Action item | Nothing but the lines from the one containing "Rain stopped play?" through the end of the entries below should appear in your answer, transcribed exactly; please drop the pictures.

Entries shown |
▼

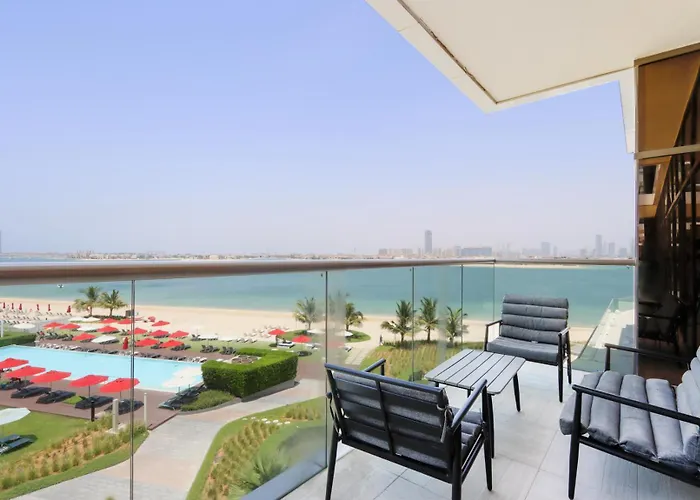Modern 2Br With Beach Access & Scenic Atlantis Views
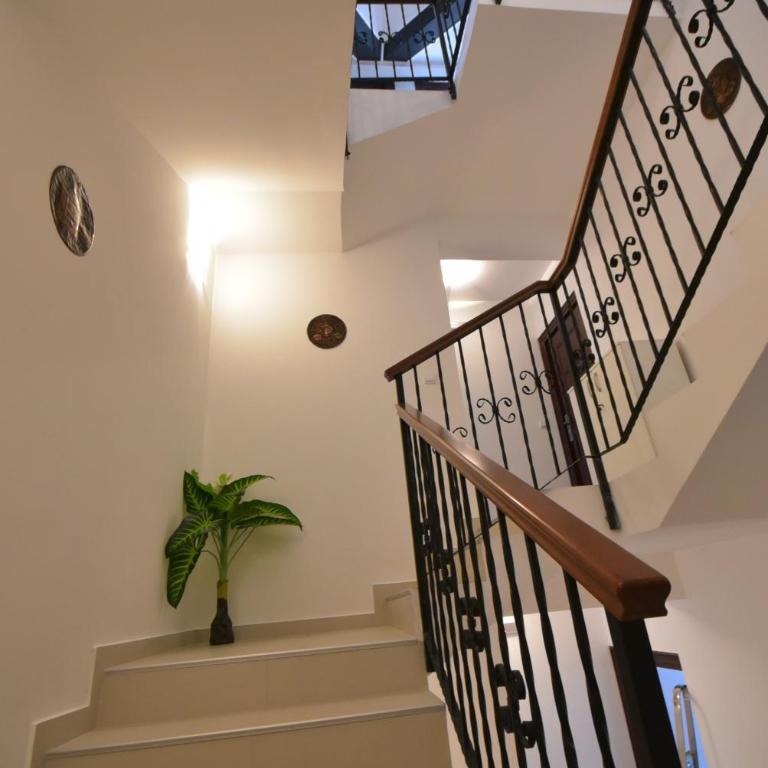 Apartmani Centar Igalo - Apartment with Sea View and Balcony A4 - 13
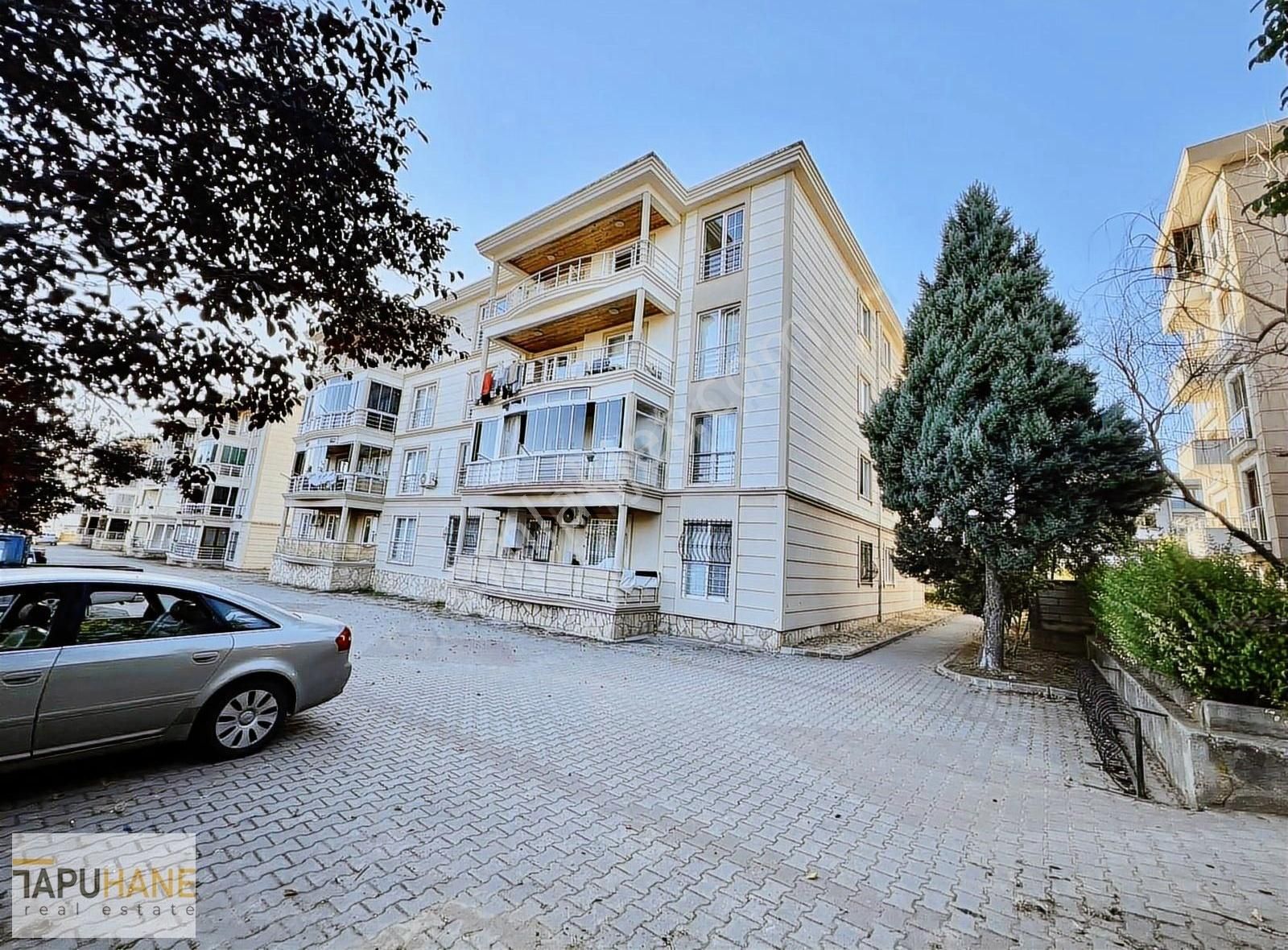 Tapuhane'den Hendek Beyzade Sitesinde 3+1 Kiralık Daire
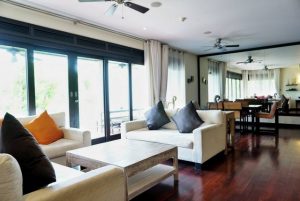 Three BR Walking Distance Layan Beach Chomtawan Apartment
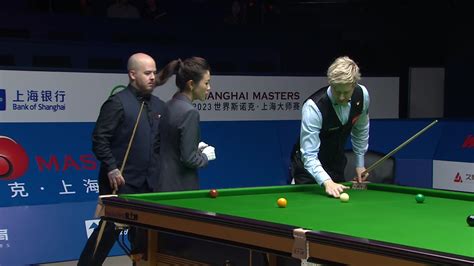 Rain stopped play? Water on table holds up Luca Brecel v Neil Robertson ...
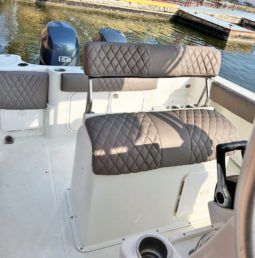 SAILFISH 2360 CENTER CONSOLE 23 full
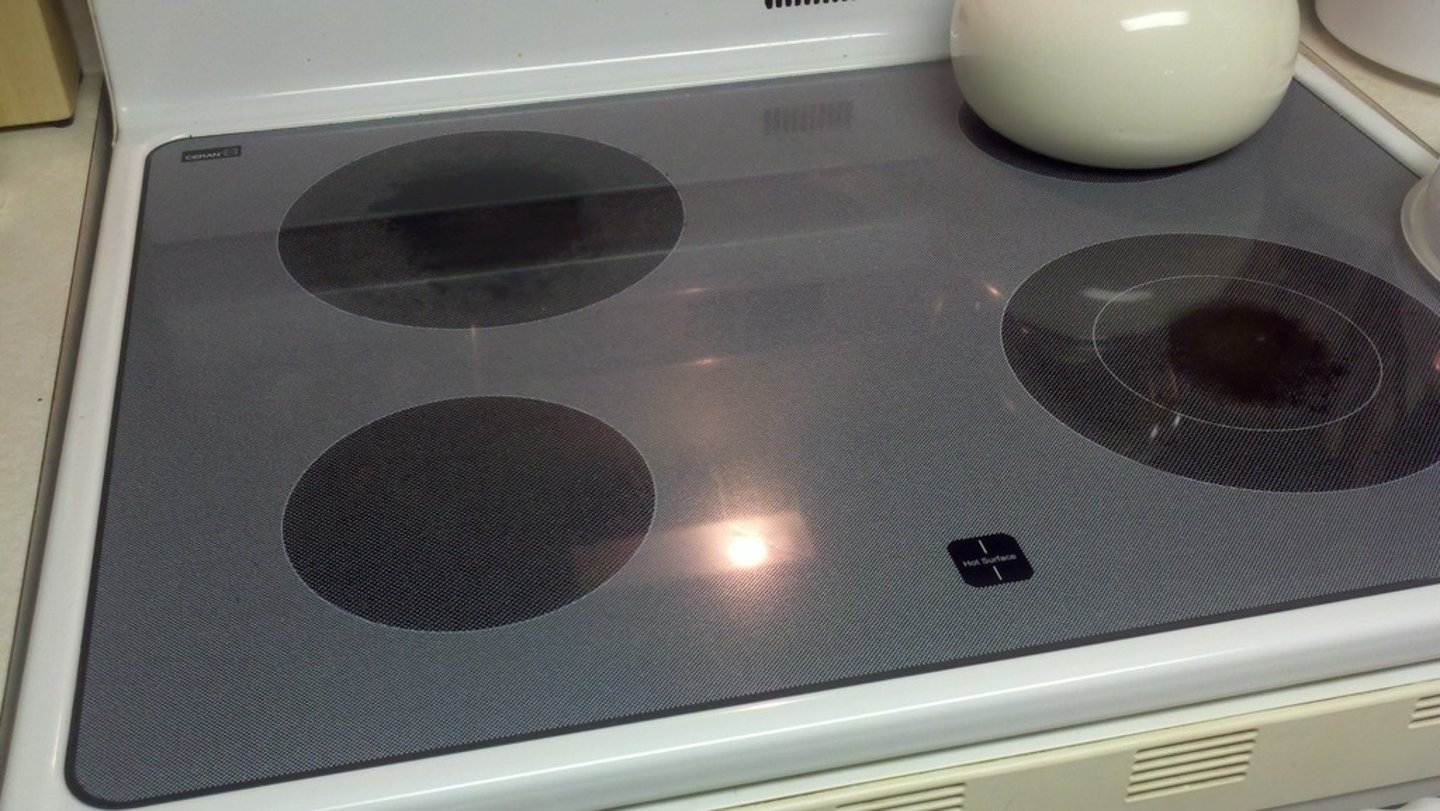 <p>The flat top part of a cooker with hotplates or burners where you put pans to heat food.</p><p>Example: Turn off the hob as soon as the water starts boiling.</p>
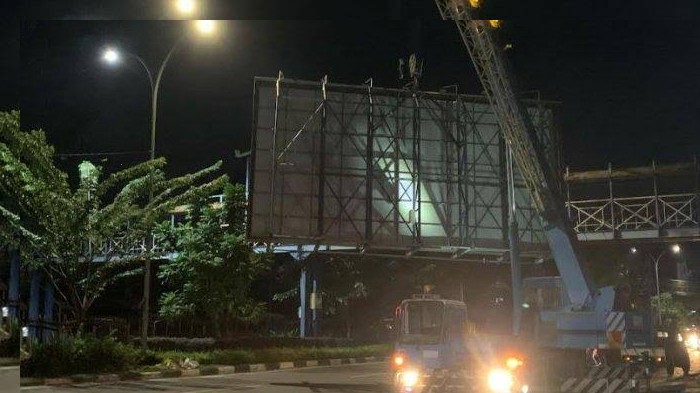 Penertiban Tiang Reklame di Jalan Jenderal Sudirman Pekanbaru Terus Berlanjut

▲

The completed task |
 Rain stopped play? Water on table holds up Luca Brecel v Neil Robertson ...
 SAILFISH 2360 CENTER CONSOLE 23 full
 <p>The flat top part of a cooker with hotplates or burners where you put pans to heat food.</p><p>Example: Turn off the hob as soon as the water starts boiling.</p>
 Penertiban Tiang Reklame di Jalan Jenderal Sudirman Pekanbaru Terus Berlanjut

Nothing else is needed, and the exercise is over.